Motion Tracking using Magnetic Induction Sensors

In this project we are using magnetic induction (MI) sensors to track human body movements. This system offers a low-power, secure, and accurate alternative to conventional wearable sensors by capturing relative motion through MI-based coil networks.

Flowchart of IGOT bistatic scattering model

GNSS Reflectometry

We use Global Navigation Satellite System (GNSS)-reflectometry (GNSS-R) to estimate land surface properties from satellite signals, such as GPS, reflected off the ground, with a focus on the NASA CYGNSS mission. Our improved geometric optics with topography (IGOT) model, which accounts for topographic relief, can be used in the presence of both light vegetation and forests with vegetation attenuation and volume scattering, showing good agreement with CYGNSS observations. Building on this modeling, we develop physics-based and machine learning algorithms to retrieve soil moisture and related geophysical variables at scale.
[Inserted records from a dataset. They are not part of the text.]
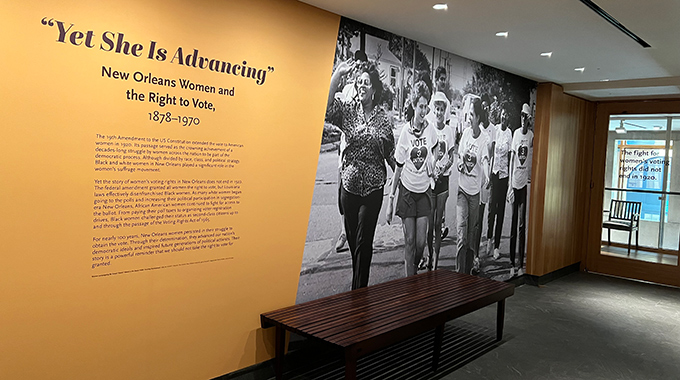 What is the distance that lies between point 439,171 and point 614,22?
76.5 inches

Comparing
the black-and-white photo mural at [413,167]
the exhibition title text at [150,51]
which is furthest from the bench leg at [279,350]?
the exhibition title text at [150,51]

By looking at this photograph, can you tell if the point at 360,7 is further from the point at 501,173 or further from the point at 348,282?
the point at 501,173

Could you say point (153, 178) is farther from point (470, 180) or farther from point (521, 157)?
point (521, 157)

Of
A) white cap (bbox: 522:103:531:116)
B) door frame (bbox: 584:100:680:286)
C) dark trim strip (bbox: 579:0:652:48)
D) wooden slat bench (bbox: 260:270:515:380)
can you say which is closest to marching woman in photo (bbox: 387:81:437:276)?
wooden slat bench (bbox: 260:270:515:380)

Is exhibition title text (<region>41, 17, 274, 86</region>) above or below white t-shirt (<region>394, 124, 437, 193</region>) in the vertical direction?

Microwave thermal imaging setup

Real-Time Microwave Imaging of Thermal Therapies

We have built a GPU-accelerated 3D microwave imaging system that reconstructs tissue permittivity and conductivity in near real time from S-parameter data using an enhanced variational Born iterative method with real/imaginary separation. This system enables intra-operative frame-level monitoring of thermal dose for image-guided assistance during thermal treatments of lesions.

Map showing Alaska wetlands

Environmental Mapping

We create multi-scale environmental maps from microwave airborne and spaceborne remote sensing platforms, including SARs, GNSS-Reflectometry, and radiometers. , Our team builds classifiers, change-detection tools, machine learning, and physics-based models to retrieve surface to subsurface properties such as soil moisture, wildfire burned areas, wetlands, permafrost active layer thickness, and soil organic carbon, supporting actionable decisions for forests, agriculture, and Arctic-boreal region infrastructure and conservation.

Flow chart of soil moisture retrieval from radar imagery

Subsurface and Subcanopy Soil Profile Characterization

Our group has established a long track record of expertise in forward and inverse scattering models for subcanopy and subsurface characterization for use with synthetic aperture radar (SAR) with various frequencies and polarizations. We have used polarimetric P-bandand L-band radar, separately and jointly, for retrieving vegetation properties and surface-to-root-zone profiles of soil moisture, for a variety of landscapes. We have developed various retrieval methods, including physics-based global and hybrid optimizers, as well as physics-trained AI methods, to perform high-accuracy retrievals for a range of terrains, including managed and natural forest, shrublands, cropfields, and non-vegetated areas.